Em suma, o discurso médico - preso às noções de déficit, incapacidade, insuficiência - atém-se às disfunções da atenção, motricidade e aos problemas da esfera relacional para diagnosticar o TDA/H. A coleta de informações proposta pelo DSM IV (junto aos pais e/ou professor) acerca dessas disfunções mostra-se, na verdade, "nada operacional". Em primeiro lugar, em razão da posição subjetiva do respondente, por meio da qual as ações da criança são "descritas" para se enquadrarem aos critérios diagnósticos do TDA/H, assiduamente divulgados pela mídia. O adulto que responde já "espera" a ratificação do discurso médico de que a criança age daquela determinada forma porque seu cérebro apresenta disfunções. Em segundo lugar, pela própria dificuldade diagnóstica e terapêutica que transparece quando o sintoma é tomado como a doença. Encontramos, por exemplo, as mesmas disfunções relativas ao TDA/H em diferentes estruturas e posições subjetivas, como na psicose, autismo ou na debilidade. Essa lógica diagnóstica que enfatiza a função/disfunção e ignora o sujeito pode, portanto, diagnosticar a agitação psicomotora de uma criança psicótica como sendo a "doença hiperatividade".

Do ponto de vista da psicanálise, as funções psicológicas - inteligência, percepção, fala e motricidade - articulam-se e este funcionamento é um efeito da configuração subjetiva do sujeito. Nessa perspectiva, mediante um raciocínio teórico-clínico, pode-se, então, pensar a sintomatologia dessa sigla diagnóstica, que se manifesta nessas referidas funções, e, assim, compreendê-la como uma expressão de um funcionamento inconsciente que resulta de uma forma de subjetivação.

 

Referências bibliográficas:

BOGOCHVOL, A. (2001). Sobre a psicofarmacologia. In M. C. R. Magalhães, (Org.) Psicofarmacologia e Psicanálise. (pp. 35 - 61). São Paulo, SP. Ed. Escuta.

COLLARES, C.A. L. & Moysés, M. A.A. (1992). A história não contada dos problemas de aprendizagem. Caderno CEDES. n.º 28, 31- 47.

DSM. IV (1995). Manual Diagnóstico e Estatístico de Transtornos Mentais. Porto Alegre, RS. Ed. Artes Médicas.
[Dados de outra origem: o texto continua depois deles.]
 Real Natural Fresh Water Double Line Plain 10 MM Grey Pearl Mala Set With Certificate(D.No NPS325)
MILLER, J-A. (1998) A criança entre a mulher e a mãe. Opção Lacaniana . Revista Brasileira de Psicanálise, Vol. 21, 7-12.
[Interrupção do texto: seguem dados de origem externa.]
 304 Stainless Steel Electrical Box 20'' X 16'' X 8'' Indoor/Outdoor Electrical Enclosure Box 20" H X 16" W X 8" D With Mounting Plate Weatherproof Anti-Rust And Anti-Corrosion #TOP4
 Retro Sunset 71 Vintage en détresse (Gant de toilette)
WERNER JR, J. (1997). Transtornos Hipercinéticos: contribuições do trabalho de Vygotsky para reavaliar o significado. Tese de Doutorado. Unicamp, Campinas, SP .

CASTRO, S. de (2001) No Limite. A criança entre a mãe e a mulher. Curinga./ Escola Brasileira de Psicanálise – MG, nº 15/16, 43 – 57.

LEVIN, E. (1995). A clínica psicomotora: o corpo na linguagem. Petrópolis, RJ. Ed. Vozes.

LEGNANI, V. N. ( 2003) Transtorno de Déficit de Atenção e Hiperatividade: Um estudo psicanalítico. Tese de Doutorado, Instituto de Psicologia, UnB, Brasília, DF

ROHDE, L . A. & Ketzer, C. R. (1997). Transtorno de Déficit de Atenção e Hiperatividade. In N. Fichtner (Org.). Transtornos mentais da infância e da adolescência: um enfoque desenvolvimental.(pp. 106 - 119). Porto Alegre, RS. Ed. Artes Médicas.

 

 

1 Pesquisas atuais, em busca de uma explicação etiológica para essa problemática focalizam suas investigações no substrato neurobiológico do TDA/H. De acordo com Rodhe e Ketzer (1997), esses estudos sugerem alterações no córtex pré-frontal e/ou de suas projeções a estruturas subcorticais. Com os avanços dos estudos de neuroimagem investiga-se, também, a localização das alterações patofisiológicas, todavia, segundo os autores, os estudos não são concordantes no que dizem respeito às alterações observadas. Também investigam os neurotransmissores (dopamina e a noradrenalina) que estariam envolvidas nesse Transtorno , porém tais resultados precisam, ainda, de serem validados em outras pesquisas experimentais
2 Essas atividades foram realizadas, durante o ano de 2003, na clínica escola (CEFPA) do curso de Psicologia da Universidade Católica de Brasília, as quais, juntamente com outros atendimentos clínicos supervisionados, compuseram a coleta de dados da tese de Doutorado "Transtorno de Déficit de Atenção/Hiperativiade: um estudo psicanalítico" de autoria de Viviane N. Legnani.
A intervenção com o grupo de crianças foi realizada pelas alunas de Estágio em Clínica Mariana Figueiró de Andrade , Raquel Cristina dos R. Cairus , Clarissa T. Kahn. Já o trabalho realizado com o grupo de pais foi feito pelas estagiárias Eliane Azevedo da Silva e Emily A. da Silva.